**Activity**: Using the data below, set down every line from the one containing "Coffee Table Legs" through the one containing "Women&#39;s Fashion Ring", inclusive and unchanged. Pictures are to be skipped.

**Records for the exercise**:

- - - - -

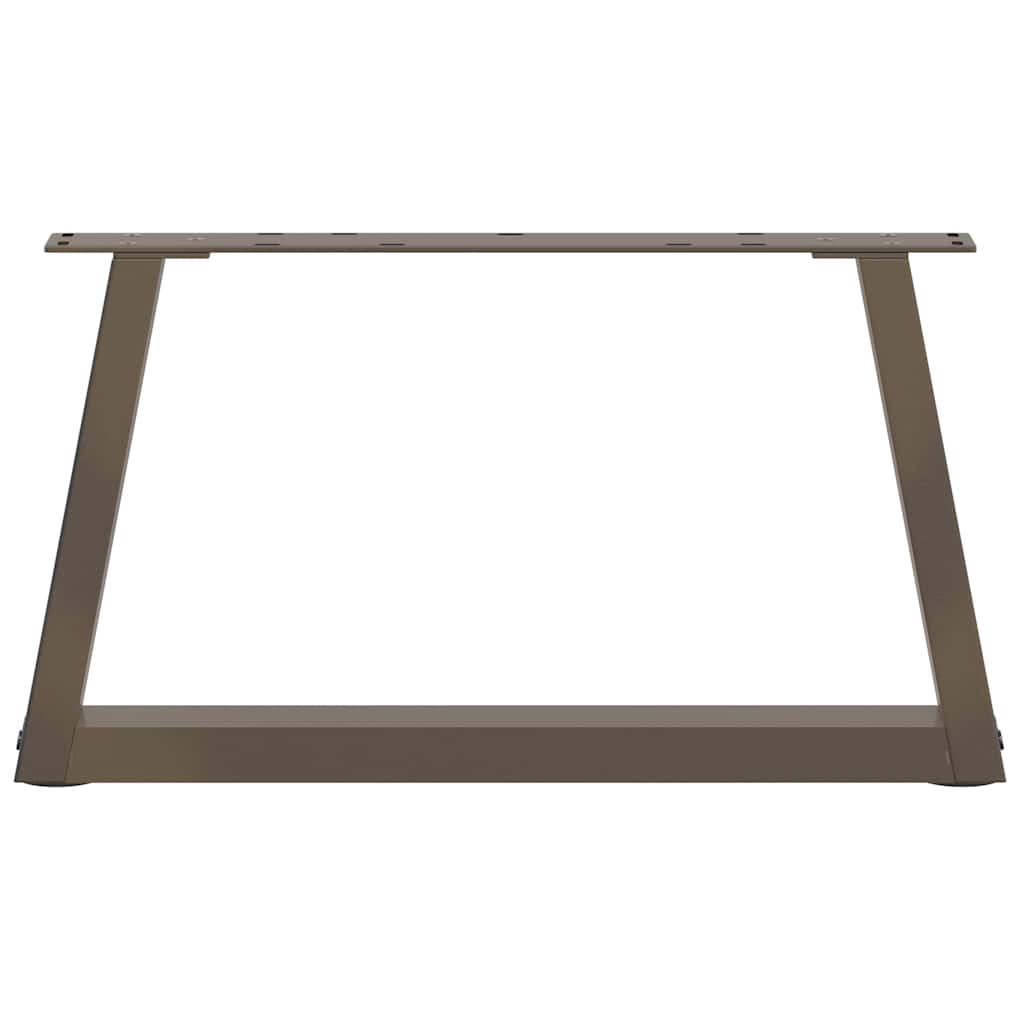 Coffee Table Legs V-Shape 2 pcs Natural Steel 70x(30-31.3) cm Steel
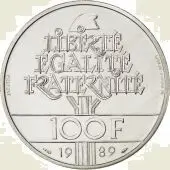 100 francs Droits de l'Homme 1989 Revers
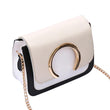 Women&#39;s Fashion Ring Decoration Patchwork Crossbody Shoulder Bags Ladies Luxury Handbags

- - - - -

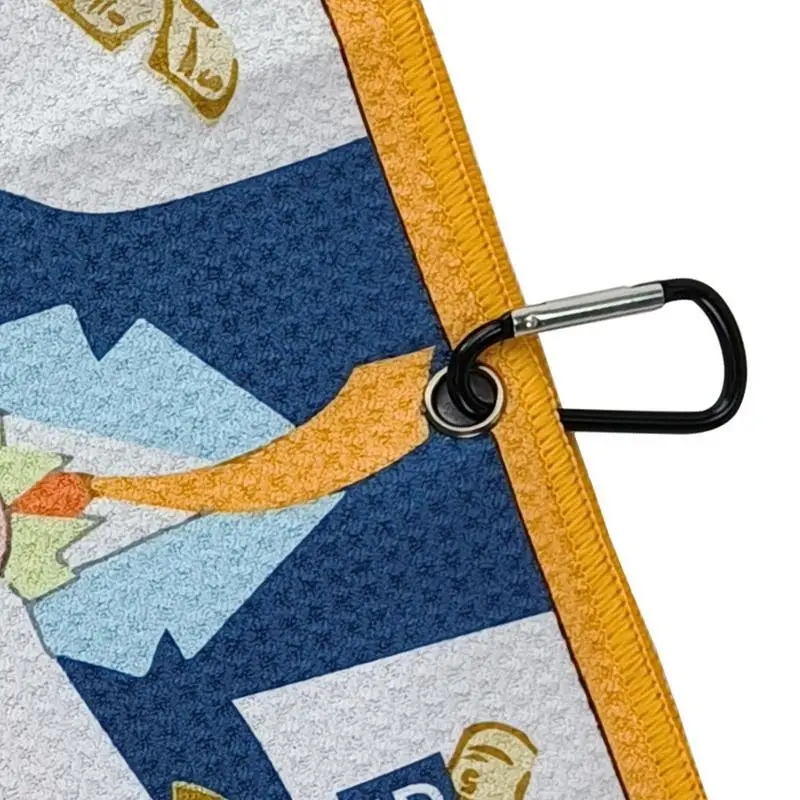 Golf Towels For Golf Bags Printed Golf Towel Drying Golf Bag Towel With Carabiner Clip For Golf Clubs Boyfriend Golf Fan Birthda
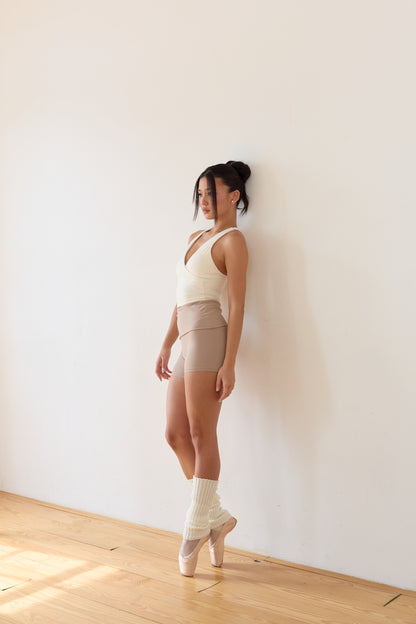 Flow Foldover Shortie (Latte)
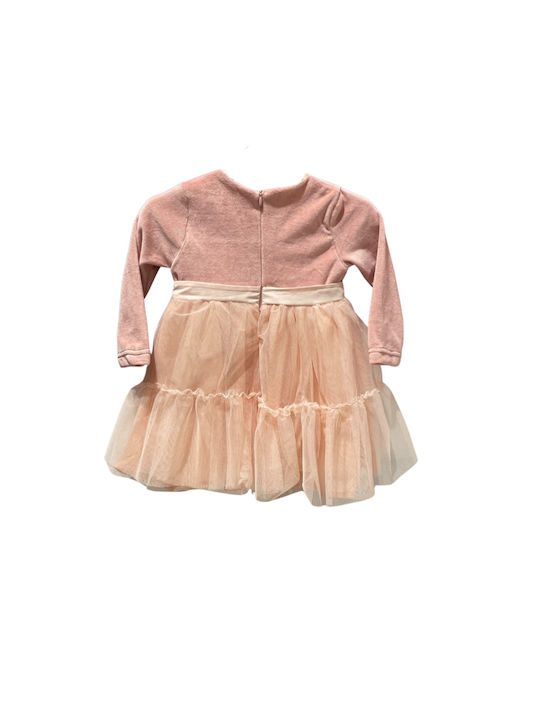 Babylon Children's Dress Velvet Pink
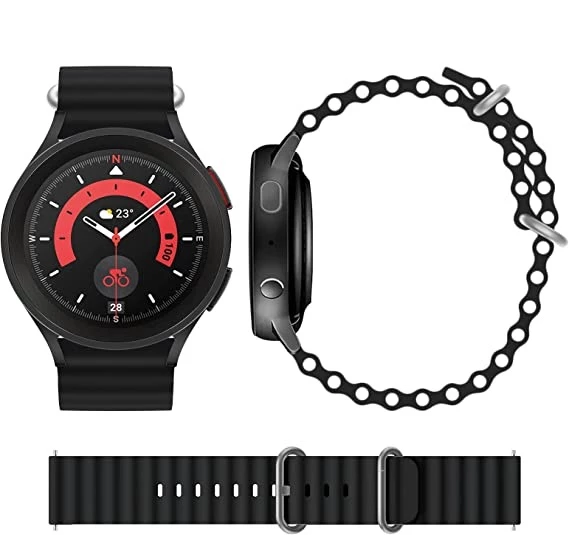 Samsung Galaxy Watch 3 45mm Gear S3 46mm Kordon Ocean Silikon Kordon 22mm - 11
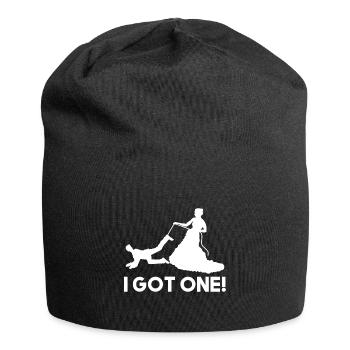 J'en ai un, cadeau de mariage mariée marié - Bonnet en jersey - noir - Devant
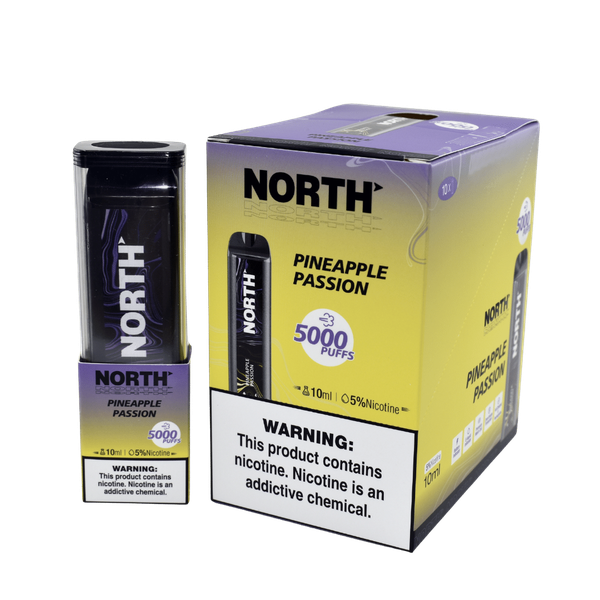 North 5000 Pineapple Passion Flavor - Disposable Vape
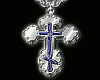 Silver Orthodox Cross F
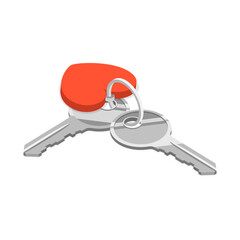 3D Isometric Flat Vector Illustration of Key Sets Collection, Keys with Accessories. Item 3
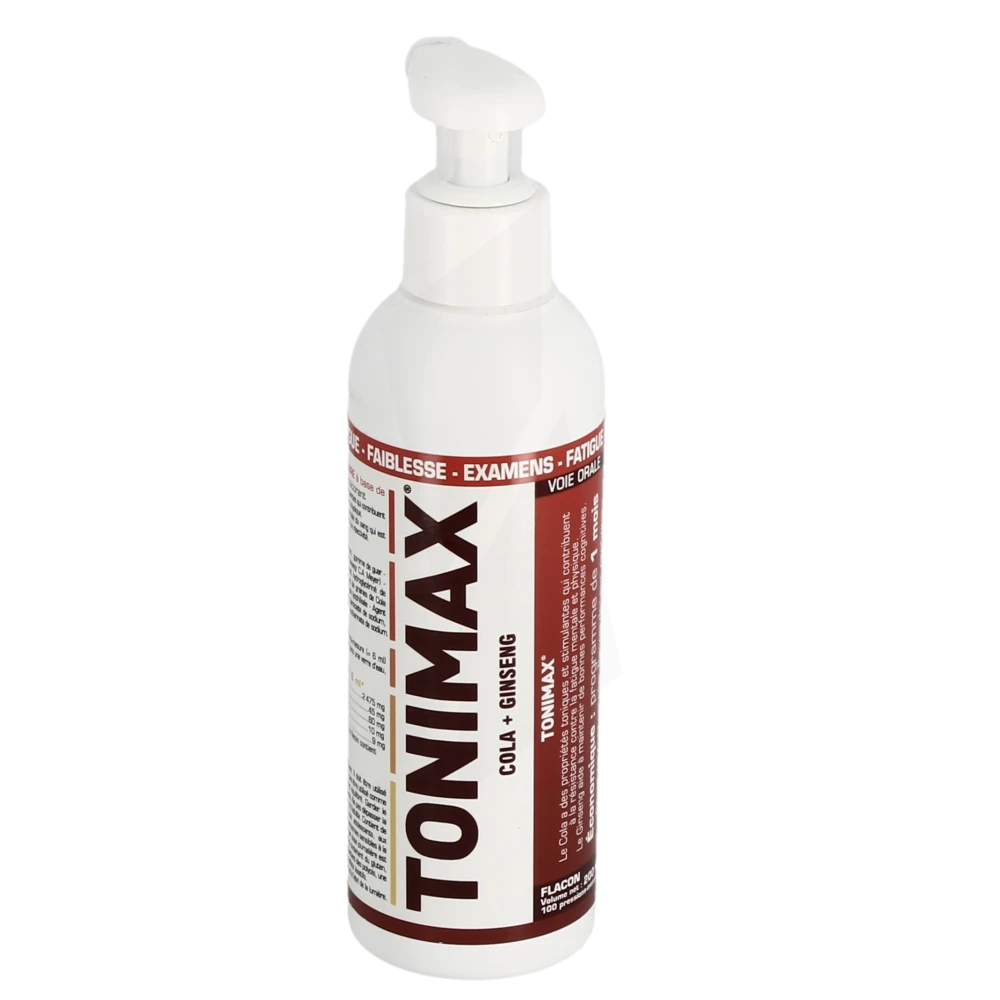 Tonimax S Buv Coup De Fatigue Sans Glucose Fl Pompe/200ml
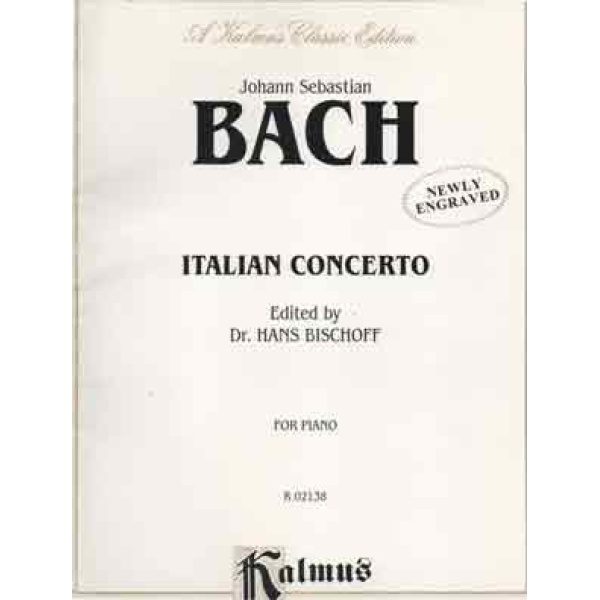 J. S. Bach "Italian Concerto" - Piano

- - - - -

**Output of the exercise**:
 Coffee Table Legs V-Shape 2 pcs Natural Steel 70x(30-31.3) cm Steel
 100 francs Droits de l'Homme 1989 Revers
 Women&#39;s Fashion Ring Decoration Patchwork Crossbody Shoulder Bags Ladies Luxury Handbags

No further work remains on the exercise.